This would work if o = f1, but we don't know if it is. If o = f2, then the above test translates to

f2 < x < f3,

which would allow an x that is > 1 ulp from e.

Conversely, you cannot simply check whether

nextDOWN(o) < x < o,

since if o = f1, this would translate to

f0 < x < f1,

which is also not what you want.

Given only Oracle's results as a reference, the only situations in which you can conclude that your value is or is not good to 1 ulp are:

If x = o then x is good to 1 ulp.

If x < nextDOWN(o) or x > nextUP(o) then x is not good to 1 ulp.

But if nextDown(o) <= x <= nextUP(o) you cannot conclude anything about x without a higher accuracy reference.

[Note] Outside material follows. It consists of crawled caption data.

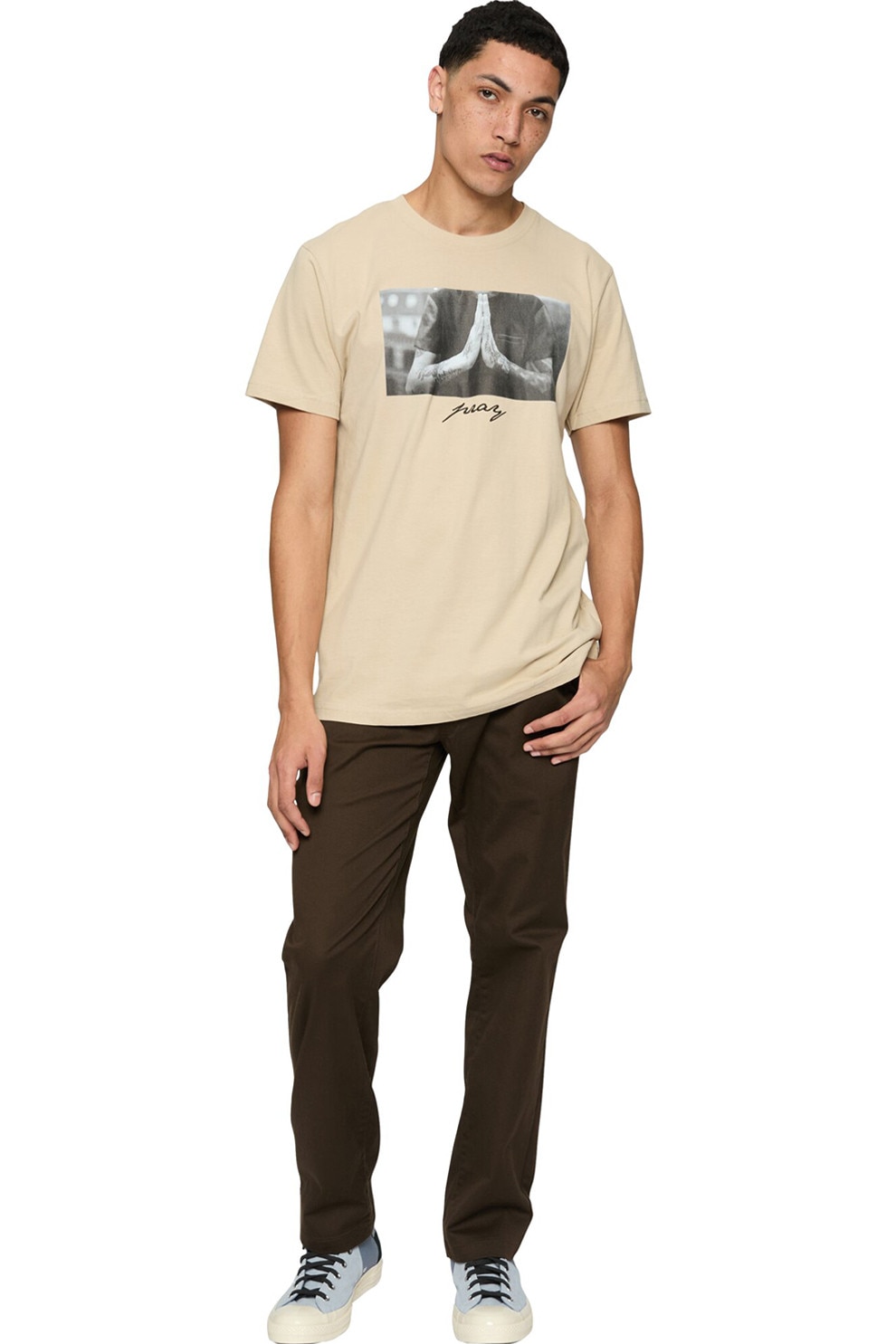 Mister tee, Tricou din bumbac cu imprimeu foto frontal, Maro nisip, S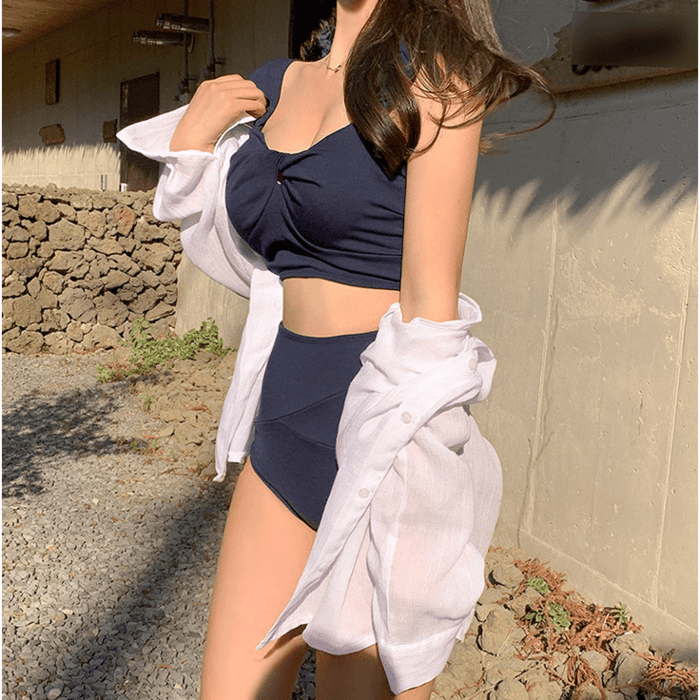 骨格ストレートフロントクロス水着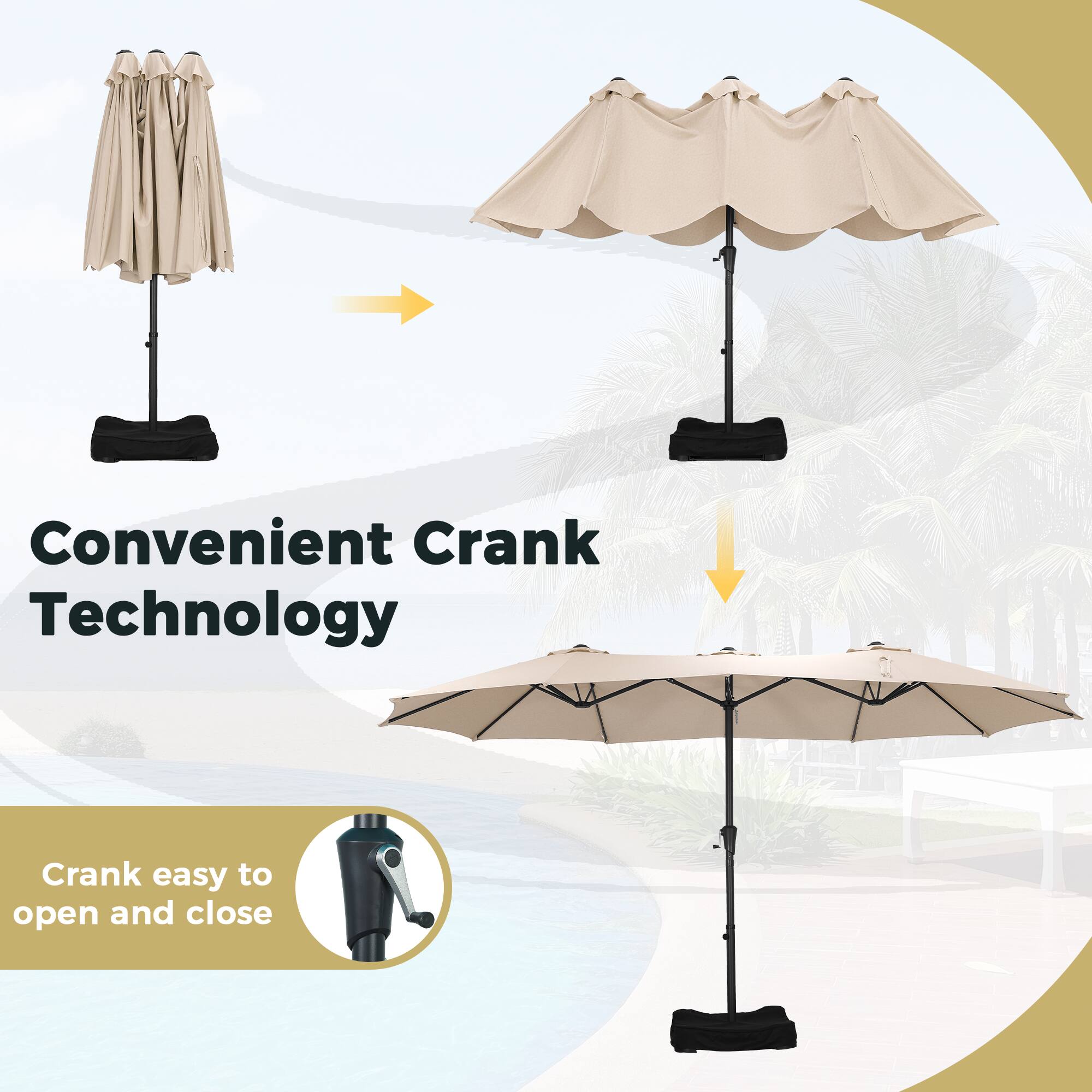 Convenient Crank Technology  
Crank easy to open and close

What you could do is generate a list of test arguments, and a corresponding list of allowable pairs of functions values (f1,f2) such that your value is good if f1 <= x <= f2. Generating this list would require a high accuracy reference function, but it would not have to be available to the open source program doing the test.

Mesbah-Alam on 2 Feb 2018

Here's the changeset where I updated the validation to :
assertTrue("exp(double)[9] ::", (Math.nextDown(Math.exp(2.43223D)) <= 11.3842406513381) || Math.nextUp(Math.exp(2.43223D)) >= 11.3842406513381);
(i.e., if nextDown(o) <= x <= nextUP(o) )